On Mon, Sep 15, 2025 at 10:31:24AM -0400, Sean Anderson wrote:
> On 9/15/25 05:58, Leo Yan wrote:
> > On Fri, Sep 12, 2025 at 11:13:14AM -0400, Sean Anderson wrote:
> >> coresight_panic_cb is called with interrupts disabled during panics.
> >> However, bus_for_each_dev calls bus_to_subsys which takes
> >> bus_kset->list_lock without disabling IRQs. This may cause a deadlock.
> >
> > I would rephrase it to make it clearer for anyone reading it later:
> >
> > coresight_panic_cb() is called during panics, which can preempt a flow
> > that triggers exceptions (such as data or instruction aborts).
>
> I don't see what exceptions have to do with it. You can also panic
> during a regular interrupt.
The commit mentioned "without disabling IRQs" gives the impression that
the deadlock is caused by IRQ-unsafe locking, which might mislead into
thinking why the issue cannot be fixed with IRQ-safe locking.
Regardless of whether IRQs are disabled, and regardless of the context
(interrupt, bottom-half, or normal thread), the conditions for the
deadlock are only about:
(a) The bus lock has been acquired;
(b) A panic is triggered to try to acquire the same lock.
[...]
> > When I review this patch, I recognize we can consolidate panic notifier
> > in coresight-tmc-core.c, so we don't need to distribute the changes
> > into ETF and ETR drivers (sorry if I misled you in my previous reply).
>
> And this kind of thing is why I went with the straightforward fix
> initially. I do not want to bikeshed the extent that this gets removed.
> IMO the whole "panic ops" stuff should be done directly with the panic
> notifier, hence this patch. If you do not agree with that, then ack v2
> and send a follow up of your own to fix it how you see fit.
I would fix it in one go.
I agree with you that "the whole panic ops stuff should be done directly
with the panic". The only difference between us is that I would keep the
`panic_ops` callback. To me, this encapsulates panic callbacks into
different modules, to make the code more general.

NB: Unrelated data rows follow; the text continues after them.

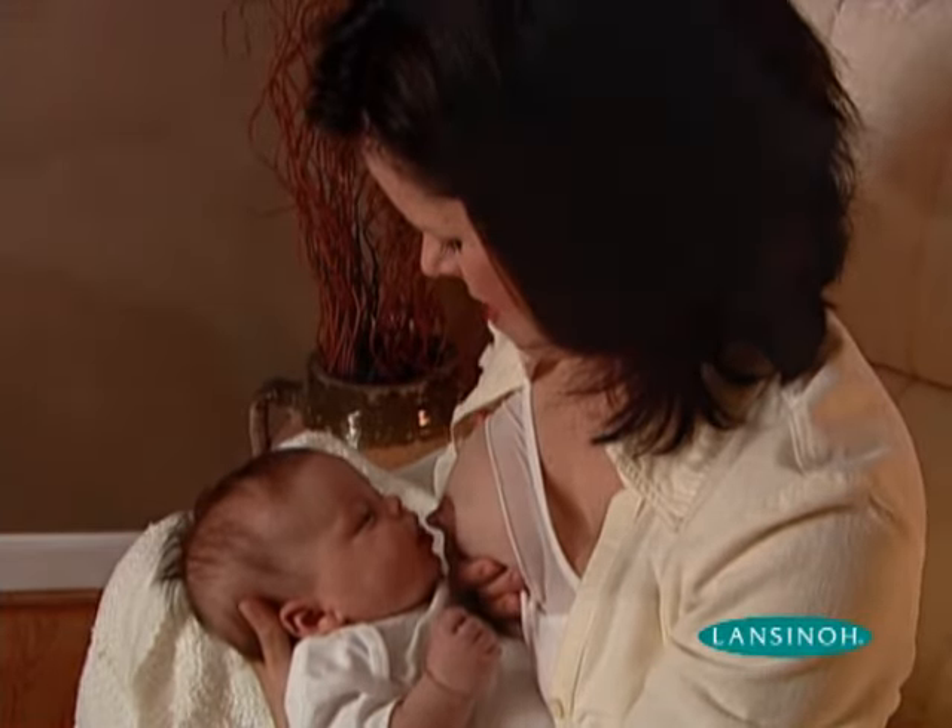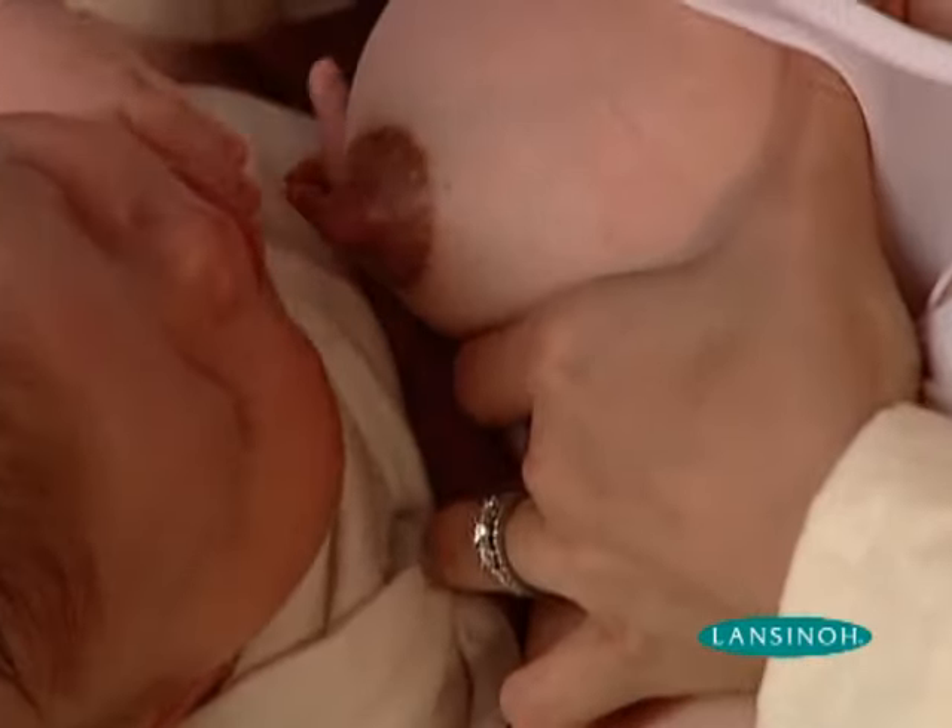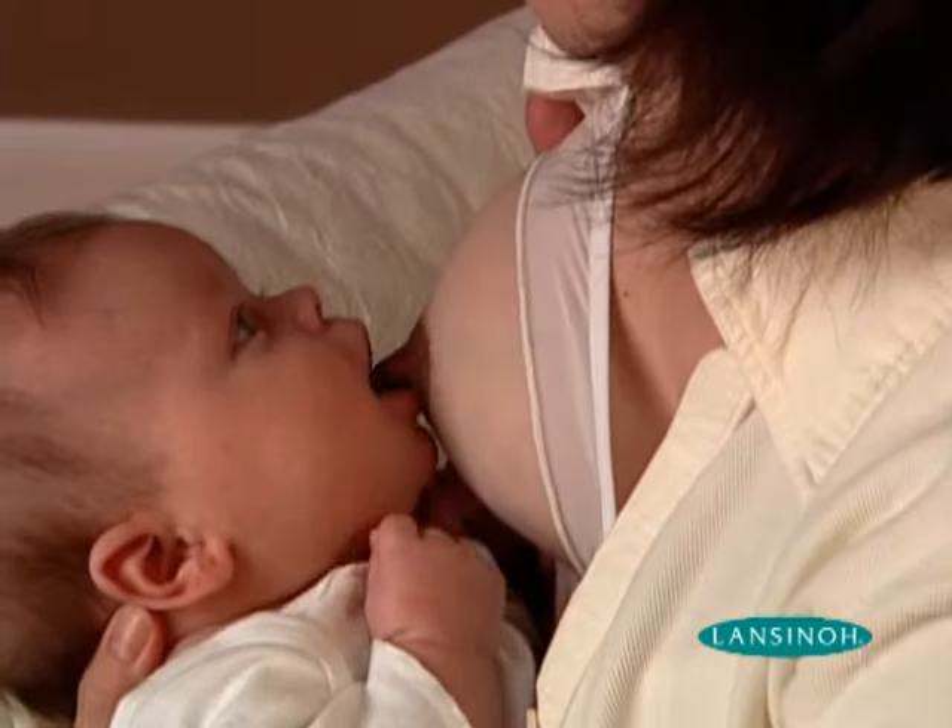Once your nipple is everted or drawn out, put the Latch Assist aside and latch your baby onto nurse.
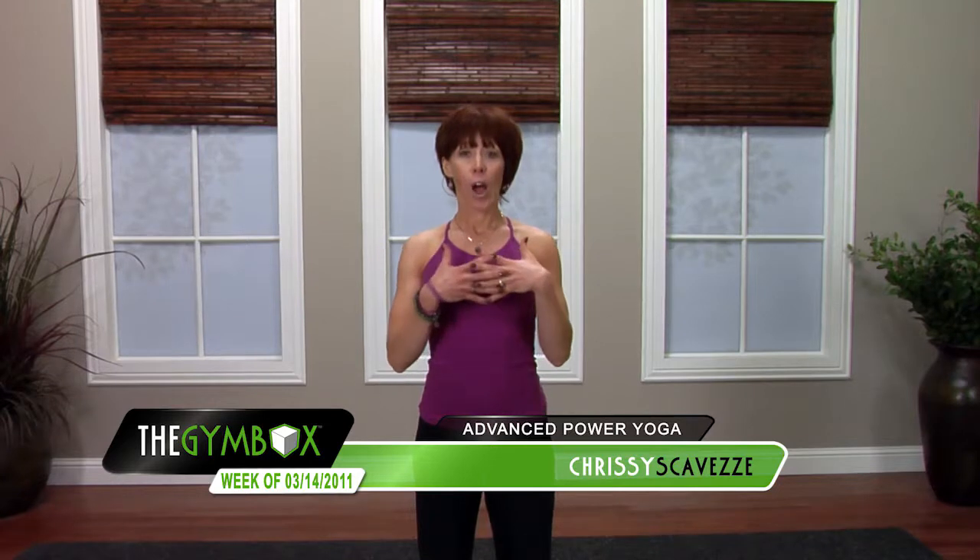Hi, welcome to the Gym Box. I'm Chrissy. I am leading you in this practice today. This practice is designed to actually help your mind clear thoughts. So in yoga, we are balancing mind, body, spirit. So we're focusing on the mind today.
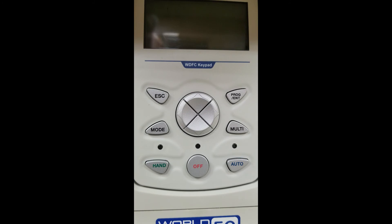Today we are going to do a basic startup on the Worldwide Electric Flex Control Variable Frequency Drive. We have unboxed our unit, we have it sitting on our desk, and we are now going to apply power.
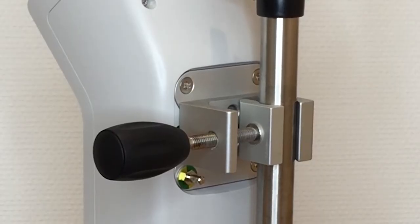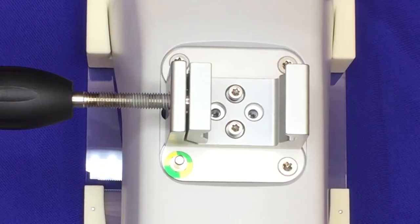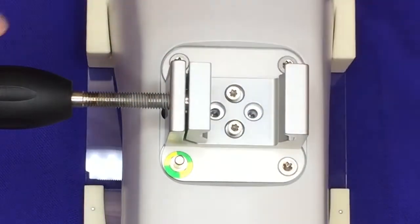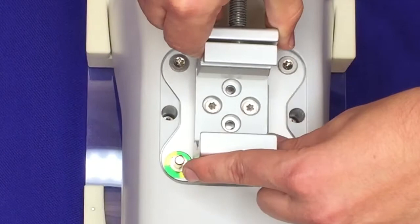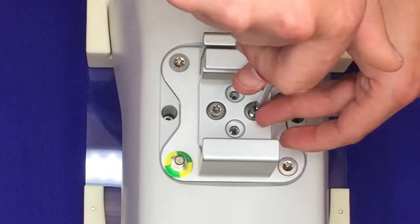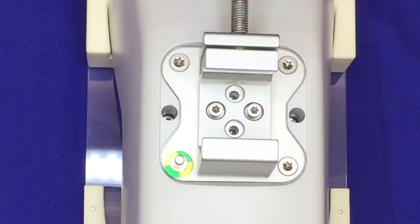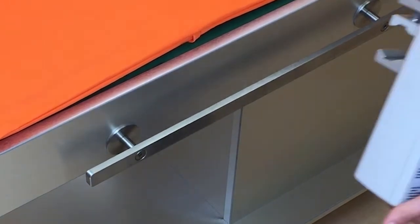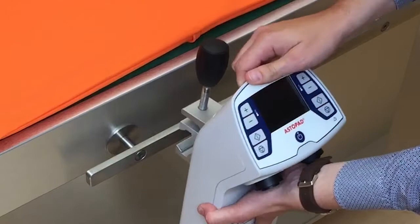For safe installation, the Astopad control unit is equipped with a universal mounting clamp at the backside of the device for attaching to an infusion stand. By opening the screws, it is possible to rotate the clamp. The device can also be attached to a standard medical rail without additional accessories.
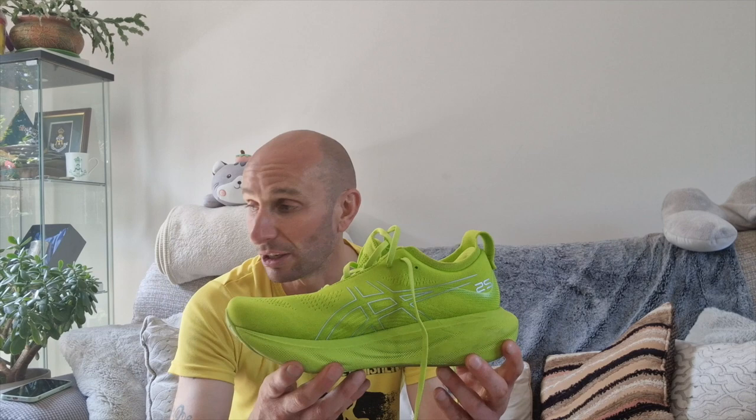I've only done about five and a half miles this morning, very slow and steady, as it's roasting out there. They will be part of my running shoe rotation — good for recovery days and longer slower runs when I'm tired. They're £123 from sportsshoes.com, and there's also a forces discount available.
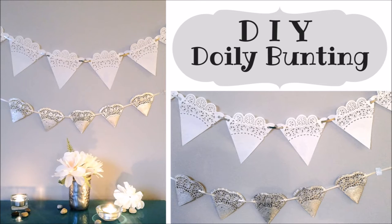This bunting adds a fun and romantic look to your decor. It's a great project for events like weddings, parties with a tea party theme, or other kinds of events. The materials are so affordable, so this is great when you're working with a budget. And you don't have to leave your doilies white either — feel free to add color with watercolors or a fun pattern using stamps.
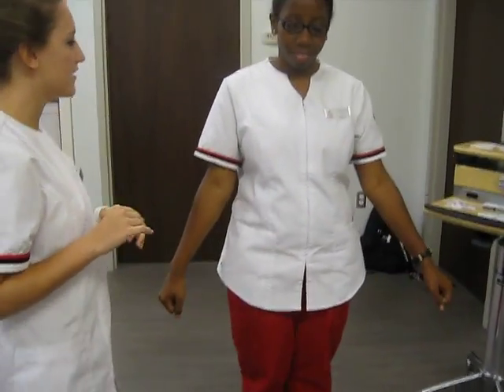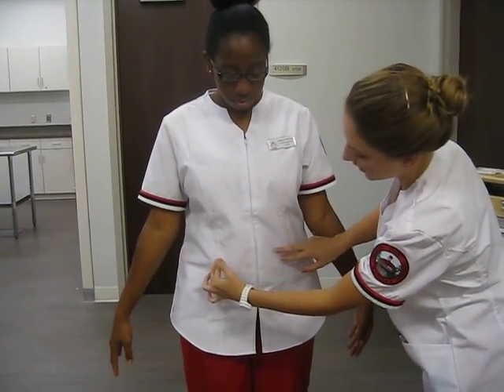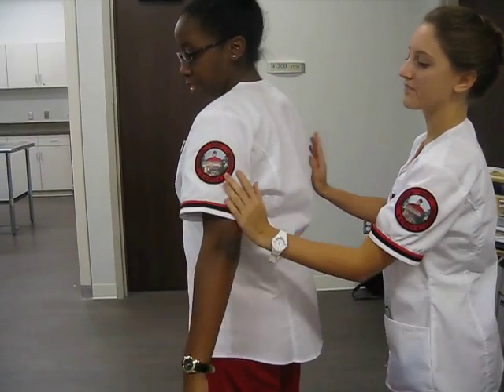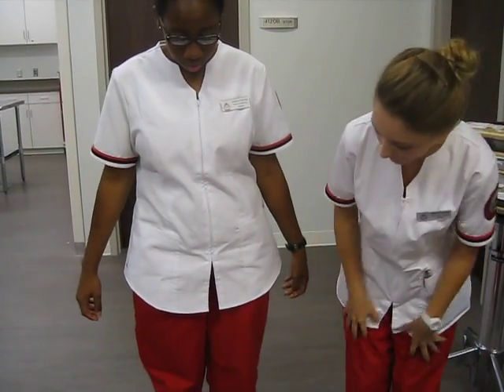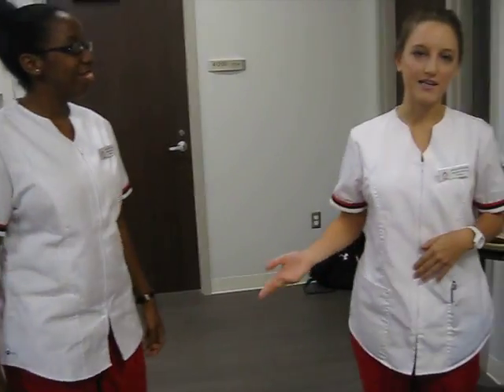Now for the subcutaneous, we are going to have two inches away from the umbilicus, on each side, upper and lower quadrant, and the backs of the arms, the upper back, the lower back, and the adipose tissue on the top of the thighs. And those will be our sites.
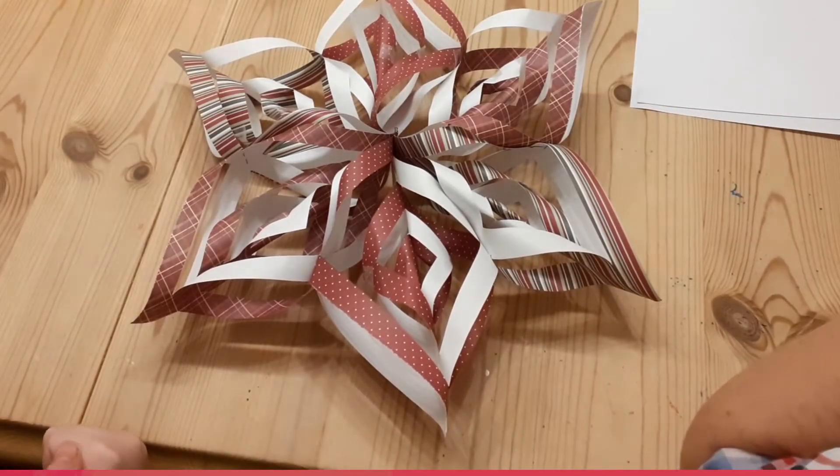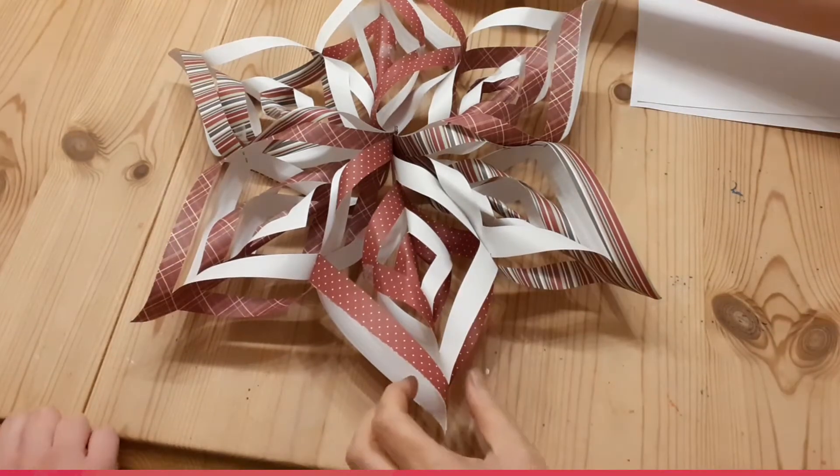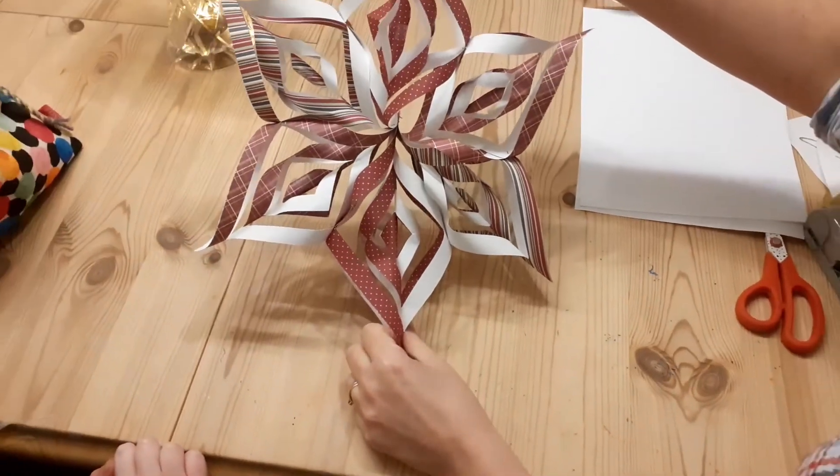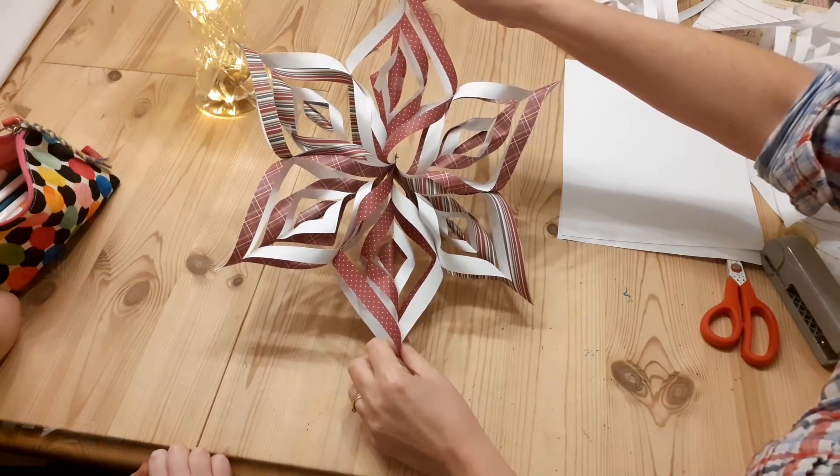Hello everyone, with our craft video today we are going to make a star to be able to hang in your Christmas window, aiming for something like this, which looks quite impressive and clever but honestly it's really quite easy when you break it down step by step.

Could you check if the drafted patch below looks good to you? If so, I
will send out a formal patch.
---8<---
From ea78dd22cbdd97f709c5991d5bd3be97be6e137e Mon Sep 17 00:00:00 2001
From: Sean Anderson <sean.anderson(a)linux.dev>
Date: Tue, 16 Sep 2025 16:03:58 +0100
Subject: [PATCH] coresight: Fix possible deadlock in coresight_panic_cb()
coresight_panic_cb() is called during a panic. It invokes
bus_for_each_dev(), which then calls bus_to_subsys() and takes the
'bus_kset->list_lock'. If a panic occurs after the lock has been
acquired, it can lead to a deadlock.
Instead of using a common panic notifier to iterate the bus, this commit
directly registers the TMC device's panic notifier. This avoids bus
iteration and effectively eliminates the race condition that could cause
the deadlock.
Fixes: 46006ceb5d02 ("coresight: core: Add provision for panic callbacks")
Signed-off-by: Sean Anderson <sean.anderson(a)linux.dev>
Signed-off-by: Leo Yan <leo.yan(a)arm.com>
---
drivers/hwtracing/coresight/coresight-core.c | 42 -------------------
.../hwtracing/coresight/coresight-tmc-core.c | 26 ++++++++++++
drivers/hwtracing/coresight/coresight-tmc.h | 2 +
3 files changed, 28 insertions(+), 42 deletions(-)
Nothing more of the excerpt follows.